_SUPPLIED INFORMATION_
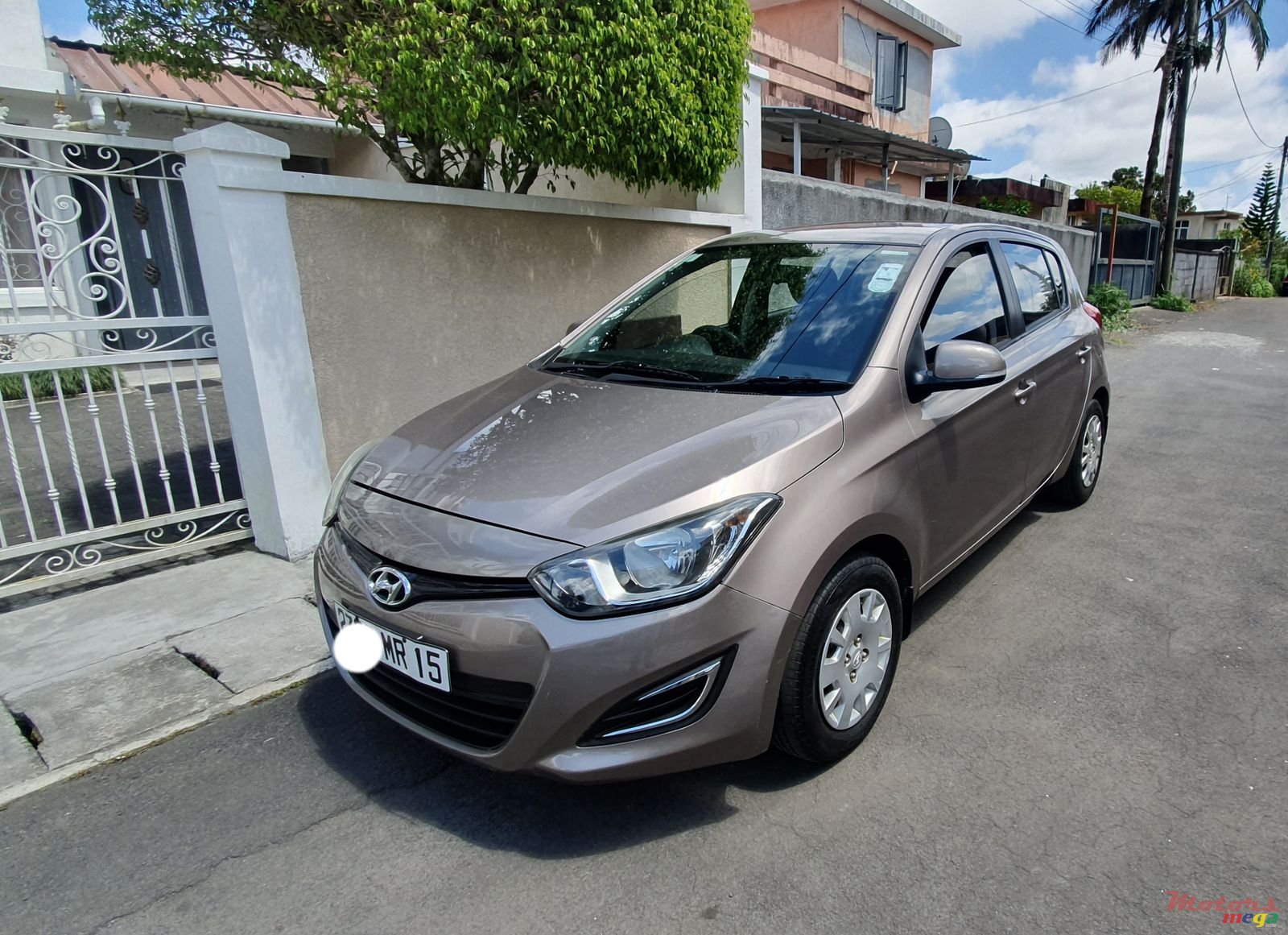 2015' Hyundai i20 photo #1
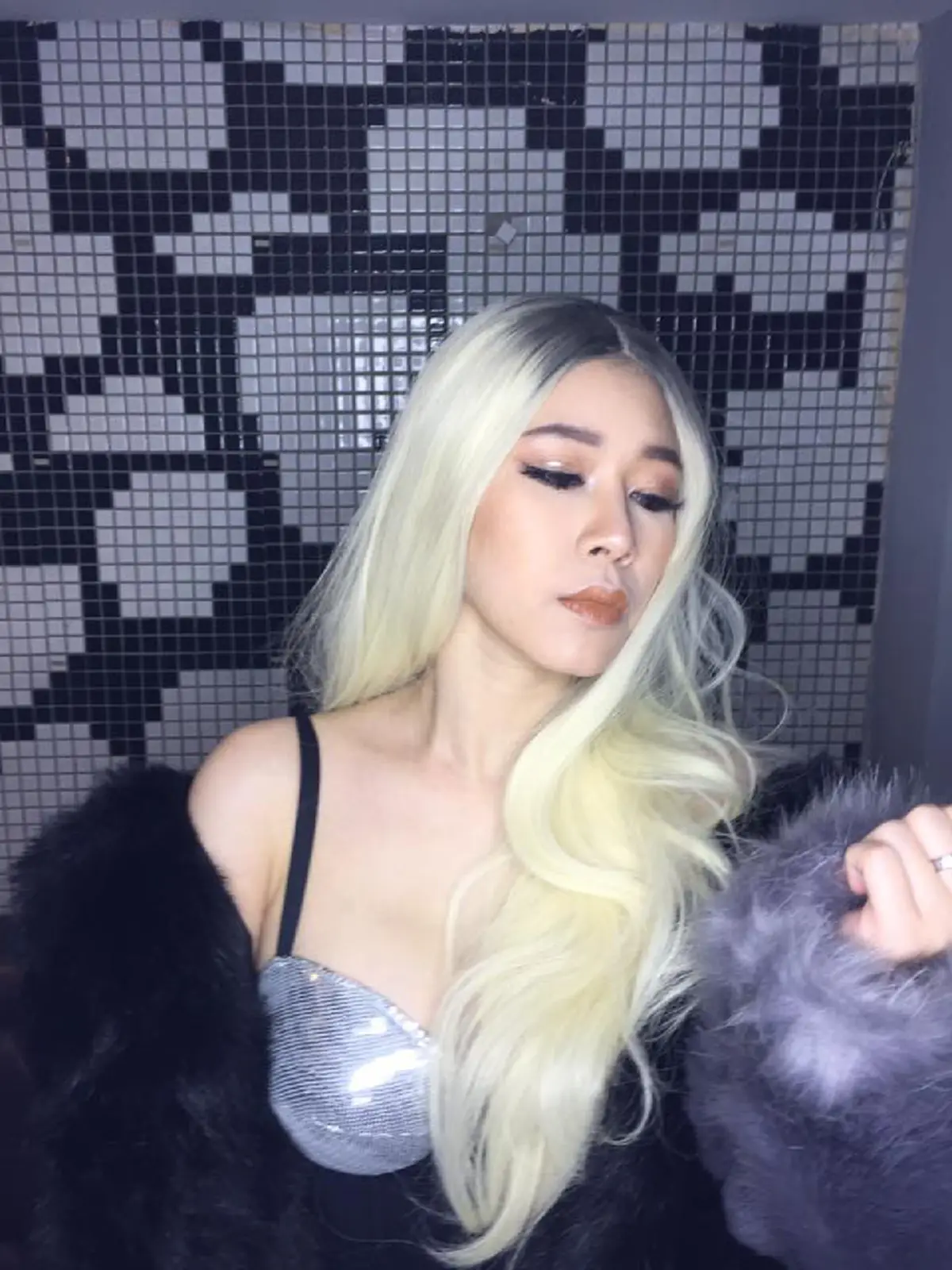 ขยี้ตาแทบอักเสบ !!! ส่องภาพ "มุก ขมคอ" แชมป์ Stage Figther ล่าสุดเปลี่ยนไปจนแทบจำไม่ได้ บอกเลยว่าแซบจนหนุ่มๆต้องร้องขอชีวิต !?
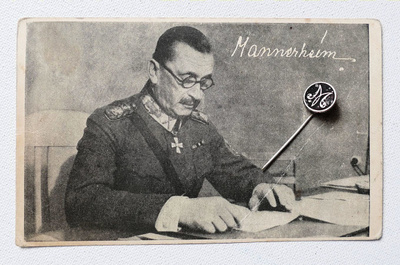 Mannerheim postikortti (KENTTÄPOSTIA) ja Marskin neulamerkki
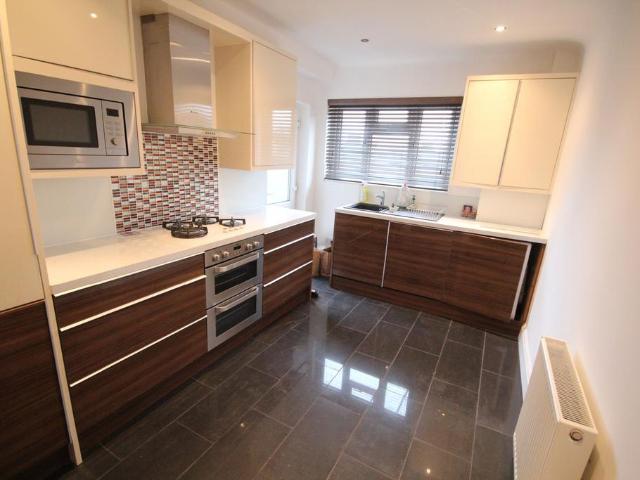 Marlborough Hill, Harrow HA1 2 bed apartment to rent £1,900 pcm £438 pw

_THE PROBLEM_
Please transcribe the whole listing above exactly, with the images left out.

_TASK SOLUTION_
 2015' Hyundai i20 photo #1
 ขยี้ตาแทบอักเสบ !!! ส่องภาพ "มุก ขมคอ" แชมป์ Stage Figther ล่าสุดเปลี่ยนไปจนแทบจำไม่ได้ บอกเลยว่าแซบจนหนุ่มๆต้องร้องขอชีวิต !?
 Mannerheim postikortti (KENTTÄPOSTIA) ja Marskin neulamerkki
 Marlborough Hill, Harrow HA1 2 bed apartment to rent £1,900 pcm £438 pw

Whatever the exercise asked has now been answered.